Without changing anything, output the records below.

[[ SOURCE MATERIAL open ]]

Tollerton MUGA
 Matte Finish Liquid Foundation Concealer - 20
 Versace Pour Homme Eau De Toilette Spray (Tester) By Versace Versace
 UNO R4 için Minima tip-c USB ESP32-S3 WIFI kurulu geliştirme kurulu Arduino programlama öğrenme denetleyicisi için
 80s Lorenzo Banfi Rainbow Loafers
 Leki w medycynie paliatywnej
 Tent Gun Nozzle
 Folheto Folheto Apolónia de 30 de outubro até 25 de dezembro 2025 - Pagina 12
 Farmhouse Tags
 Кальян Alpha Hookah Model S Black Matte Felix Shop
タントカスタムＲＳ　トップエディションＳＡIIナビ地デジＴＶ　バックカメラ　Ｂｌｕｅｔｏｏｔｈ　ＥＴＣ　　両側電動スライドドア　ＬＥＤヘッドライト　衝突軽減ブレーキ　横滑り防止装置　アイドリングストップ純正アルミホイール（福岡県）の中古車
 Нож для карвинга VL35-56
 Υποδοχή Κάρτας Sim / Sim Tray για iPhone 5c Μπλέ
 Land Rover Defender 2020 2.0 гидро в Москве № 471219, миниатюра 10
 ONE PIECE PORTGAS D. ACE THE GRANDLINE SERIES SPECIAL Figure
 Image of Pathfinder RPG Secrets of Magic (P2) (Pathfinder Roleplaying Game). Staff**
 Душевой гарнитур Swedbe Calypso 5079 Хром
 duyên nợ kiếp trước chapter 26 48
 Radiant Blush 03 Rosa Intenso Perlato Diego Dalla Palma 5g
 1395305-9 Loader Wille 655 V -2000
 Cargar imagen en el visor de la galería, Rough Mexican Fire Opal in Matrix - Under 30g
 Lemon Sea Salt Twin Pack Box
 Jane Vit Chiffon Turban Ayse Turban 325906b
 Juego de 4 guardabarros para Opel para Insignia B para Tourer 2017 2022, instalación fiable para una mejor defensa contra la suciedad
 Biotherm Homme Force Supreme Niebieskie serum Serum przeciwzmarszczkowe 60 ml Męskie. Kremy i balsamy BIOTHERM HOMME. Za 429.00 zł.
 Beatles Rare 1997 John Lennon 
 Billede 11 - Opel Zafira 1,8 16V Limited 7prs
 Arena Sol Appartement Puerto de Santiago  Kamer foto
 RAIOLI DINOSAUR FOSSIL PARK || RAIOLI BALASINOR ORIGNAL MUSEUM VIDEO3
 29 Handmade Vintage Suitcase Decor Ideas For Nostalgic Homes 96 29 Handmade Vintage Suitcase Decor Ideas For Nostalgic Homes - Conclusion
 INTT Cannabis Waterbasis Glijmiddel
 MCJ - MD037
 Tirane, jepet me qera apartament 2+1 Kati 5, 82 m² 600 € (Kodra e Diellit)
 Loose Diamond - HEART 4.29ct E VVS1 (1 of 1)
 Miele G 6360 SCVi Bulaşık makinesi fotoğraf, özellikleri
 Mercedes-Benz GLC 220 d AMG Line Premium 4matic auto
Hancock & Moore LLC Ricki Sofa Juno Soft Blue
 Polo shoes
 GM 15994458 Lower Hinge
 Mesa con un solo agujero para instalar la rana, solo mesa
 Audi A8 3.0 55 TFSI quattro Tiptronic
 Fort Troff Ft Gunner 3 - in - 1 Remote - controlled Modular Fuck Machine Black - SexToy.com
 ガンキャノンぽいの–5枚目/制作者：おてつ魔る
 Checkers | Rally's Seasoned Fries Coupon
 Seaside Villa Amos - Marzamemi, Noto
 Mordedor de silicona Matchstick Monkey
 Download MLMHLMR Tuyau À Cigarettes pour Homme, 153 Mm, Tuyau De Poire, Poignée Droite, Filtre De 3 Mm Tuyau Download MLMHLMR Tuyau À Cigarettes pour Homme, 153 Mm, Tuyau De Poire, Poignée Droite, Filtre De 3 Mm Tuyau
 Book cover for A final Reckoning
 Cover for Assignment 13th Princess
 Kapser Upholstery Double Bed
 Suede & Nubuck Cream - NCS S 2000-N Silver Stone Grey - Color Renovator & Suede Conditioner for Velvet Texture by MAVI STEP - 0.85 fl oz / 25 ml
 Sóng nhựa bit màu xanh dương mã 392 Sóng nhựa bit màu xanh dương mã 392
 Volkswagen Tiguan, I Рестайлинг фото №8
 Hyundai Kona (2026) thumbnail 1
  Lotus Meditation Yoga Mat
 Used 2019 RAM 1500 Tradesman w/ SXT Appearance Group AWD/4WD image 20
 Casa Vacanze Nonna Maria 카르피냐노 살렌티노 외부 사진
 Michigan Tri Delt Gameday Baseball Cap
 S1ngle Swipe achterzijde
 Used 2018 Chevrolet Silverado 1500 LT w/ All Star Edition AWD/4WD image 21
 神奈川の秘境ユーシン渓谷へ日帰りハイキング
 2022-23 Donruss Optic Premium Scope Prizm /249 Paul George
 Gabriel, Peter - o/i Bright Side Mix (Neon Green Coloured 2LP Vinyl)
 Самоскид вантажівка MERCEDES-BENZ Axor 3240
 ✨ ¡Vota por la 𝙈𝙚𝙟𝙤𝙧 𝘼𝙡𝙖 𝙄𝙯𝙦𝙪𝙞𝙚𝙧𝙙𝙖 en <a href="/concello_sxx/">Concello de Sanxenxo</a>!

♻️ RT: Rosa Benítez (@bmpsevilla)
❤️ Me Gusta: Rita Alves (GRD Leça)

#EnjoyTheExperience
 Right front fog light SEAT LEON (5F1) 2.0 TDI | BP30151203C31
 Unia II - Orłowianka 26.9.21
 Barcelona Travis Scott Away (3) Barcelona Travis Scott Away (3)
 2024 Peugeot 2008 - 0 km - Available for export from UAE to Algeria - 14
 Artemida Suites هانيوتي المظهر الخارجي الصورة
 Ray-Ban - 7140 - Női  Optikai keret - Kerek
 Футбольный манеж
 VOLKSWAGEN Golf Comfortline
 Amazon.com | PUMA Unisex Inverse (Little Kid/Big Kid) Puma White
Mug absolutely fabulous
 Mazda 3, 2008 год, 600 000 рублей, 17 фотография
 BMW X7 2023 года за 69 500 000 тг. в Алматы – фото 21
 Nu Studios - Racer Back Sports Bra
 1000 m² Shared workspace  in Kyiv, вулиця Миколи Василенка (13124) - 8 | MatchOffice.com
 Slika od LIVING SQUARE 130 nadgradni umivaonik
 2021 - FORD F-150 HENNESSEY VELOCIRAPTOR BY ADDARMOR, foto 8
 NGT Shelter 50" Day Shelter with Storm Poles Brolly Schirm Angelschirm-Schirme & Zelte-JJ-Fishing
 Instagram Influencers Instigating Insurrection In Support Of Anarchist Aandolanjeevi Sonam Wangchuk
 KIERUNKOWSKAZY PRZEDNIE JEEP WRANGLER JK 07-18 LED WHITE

[[ SOURCE MATERIAL closed ]]

> _SOLUTION TO THIS EXERCISE_:
Tollerton MUGA
 Matte Finish Liquid Foundation Concealer - 20
 Versace Pour Homme Eau De Toilette Spray (Tester) By Versace Versace
 UNO R4 için Minima tip-c USB ESP32-S3 WIFI kurulu geliştirme kurulu Arduino programlama öğrenme denetleyicisi için
 80s Lorenzo Banfi Rainbow Loafers
 Leki w medycynie paliatywnej
 Tent Gun Nozzle
 Folheto Folheto Apolónia de 30 de outubro até 25 de dezembro 2025 - Pagina 12
 Farmhouse Tags
 Кальян Alpha Hookah Model S Black Matte Felix Shop
タントカスタムＲＳ　トップエディションＳＡIIナビ地デジＴＶ　バックカメラ　Ｂｌｕｅｔｏｏｔｈ　ＥＴＣ　　両側電動スライドドア　ＬＥＤヘッドライト　衝突軽減ブレーキ　横滑り防止装置　アイドリングストップ純正アルミホイール（福岡県）の中古車
 Нож для карвинга VL35-56
 Υποδοχή Κάρτας Sim / Sim Tray για iPhone 5c Μπλέ
 Land Rover Defender 2020 2.0 гидро в Москве № 471219, миниатюра 10
 ONE PIECE PORTGAS D. ACE THE GRANDLINE SERIES SPECIAL Figure
 Image of Pathfinder RPG Secrets of Magic (P2) (Pathfinder Roleplaying Game). Staff**
 Душевой гарнитур Swedbe Calypso 5079 Хром
 duyên nợ kiếp trước chapter 26 48
 Radiant Blush 03 Rosa Intenso Perlato Diego Dalla Palma 5g
 1395305-9 Loader Wille 655 V -2000
 Cargar imagen en el visor de la galería, Rough Mexican Fire Opal in Matrix - Under 30g
 Lemon Sea Salt Twin Pack Box
 Jane Vit Chiffon Turban Ayse Turban 325906b
 Juego de 4 guardabarros para Opel para Insignia B para Tourer 2017 2022, instalación fiable para una mejor defensa contra la suciedad
 Biotherm Homme Force Supreme Niebieskie serum Serum przeciwzmarszczkowe 60 ml Męskie. Kremy i balsamy BIOTHERM HOMME. Za 429.00 zł.
 Beatles Rare 1997 John Lennon 
 Billede 11 - Opel Zafira 1,8 16V Limited 7prs
 Arena Sol Appartement Puerto de Santiago  Kamer foto
 RAIOLI DINOSAUR FOSSIL PARK || RAIOLI BALASINOR ORIGNAL MUSEUM VIDEO3
 29 Handmade Vintage Suitcase Decor Ideas For Nostalgic Homes 96 29 Handmade Vintage Suitcase Decor Ideas For Nostalgic Homes - Conclusion
 INTT Cannabis Waterbasis Glijmiddel
 MCJ - MD037
 Tirane, jepet me qera apartament 2+1 Kati 5, 82 m² 600 € (Kodra e Diellit)
 Loose Diamond - HEART 4.29ct E VVS1 (1 of 1)
 Miele G 6360 SCVi Bulaşık makinesi fotoğraf, özellikleri
 Mercedes-Benz GLC 220 d AMG Line Premium 4matic auto
Hancock & Moore LLC Ricki Sofa Juno Soft Blue
 Polo shoes
 GM 15994458 Lower Hinge
 Mesa con un solo agujero para instalar la rana, solo mesa
 Audi A8 3.0 55 TFSI quattro Tiptronic
 Fort Troff Ft Gunner 3 - in - 1 Remote - controlled Modular Fuck Machine Black - SexToy.com
 ガンキャノンぽいの–5枚目/制作者：おてつ魔る
 Checkers | Rally's Seasoned Fries Coupon
 Seaside Villa Amos - Marzamemi, Noto
 Mordedor de silicona Matchstick Monkey
 Download MLMHLMR Tuyau À Cigarettes pour Homme, 153 Mm, Tuyau De Poire, Poignée Droite, Filtre De 3 Mm Tuyau Download MLMHLMR Tuyau À Cigarettes pour Homme, 153 Mm, Tuyau De Poire, Poignée Droite, Filtre De 3 Mm Tuyau
 Book cover for A final Reckoning
 Cover for Assignment 13th Princess
 Kapser Upholstery Double Bed
 Suede & Nubuck Cream - NCS S 2000-N Silver Stone Grey - Color Renovator & Suede Conditioner for Velvet Texture by MAVI STEP - 0.85 fl oz / 25 ml
 Sóng nhựa bit màu xanh dương mã 392 Sóng nhựa bit màu xanh dương mã 392
 Volkswagen Tiguan, I Рестайлинг фото №8
 Hyundai Kona (2026) thumbnail 1
  Lotus Meditation Yoga Mat
 Used 2019 RAM 1500 Tradesman w/ SXT Appearance Group AWD/4WD image 20
 Casa Vacanze Nonna Maria 카르피냐노 살렌티노 외부 사진
 Michigan Tri Delt Gameday Baseball Cap
 S1ngle Swipe achterzijde
 Used 2018 Chevrolet Silverado 1500 LT w/ All Star Edition AWD/4WD image 21
 神奈川の秘境ユーシン渓谷へ日帰りハイキング
 2022-23 Donruss Optic Premium Scope Prizm /249 Paul George
 Gabriel, Peter - o/i Bright Side Mix (Neon Green Coloured 2LP Vinyl)
 Самоскид вантажівка MERCEDES-BENZ Axor 3240
 ✨ ¡Vota por la 𝙈𝙚𝙟𝙤𝙧 𝘼𝙡𝙖 𝙄𝙯𝙦𝙪𝙞𝙚𝙧𝙙𝙖 en <a href="/concello_sxx/">Concello de Sanxenxo</a>!

♻️ RT: Rosa Benítez (@bmpsevilla)
❤️ Me Gusta: Rita Alves (GRD Leça)

#EnjoyTheExperience
 Right front fog light SEAT LEON (5F1) 2.0 TDI | BP30151203C31
 Unia II - Orłowianka 26.9.21
 Barcelona Travis Scott Away (3) Barcelona Travis Scott Away (3)
 2024 Peugeot 2008 - 0 km - Available for export from UAE to Algeria - 14
 Artemida Suites هانيوتي المظهر الخارجي الصورة
 Ray-Ban - 7140 - Női  Optikai keret - Kerek
 Футбольный манеж
 VOLKSWAGEN Golf Comfortline
 Amazon.com | PUMA Unisex Inverse (Little Kid/Big Kid) Puma White
Mug absolutely fabulous
 Mazda 3, 2008 год, 600 000 рублей, 17 фотография
 BMW X7 2023 года за 69 500 000 тг. в Алматы – фото 21
 Nu Studios - Racer Back Sports Bra
 1000 m² Shared workspace  in Kyiv, вулиця Миколи Василенка (13124) - 8 | MatchOffice.com
 Slika od LIVING SQUARE 130 nadgradni umivaonik
 2021 - FORD F-150 HENNESSEY VELOCIRAPTOR BY ADDARMOR, foto 8
 NGT Shelter 50" Day Shelter with Storm Poles Brolly Schirm Angelschirm-Schirme & Zelte-JJ-Fishing
 Instagram Influencers Instigating Insurrection In Support Of Anarchist Aandolanjeevi Sonam Wangchuk
 KIERUNKOWSKAZY PRZEDNIE JEEP WRANGLER JK 07-18 LED WHITE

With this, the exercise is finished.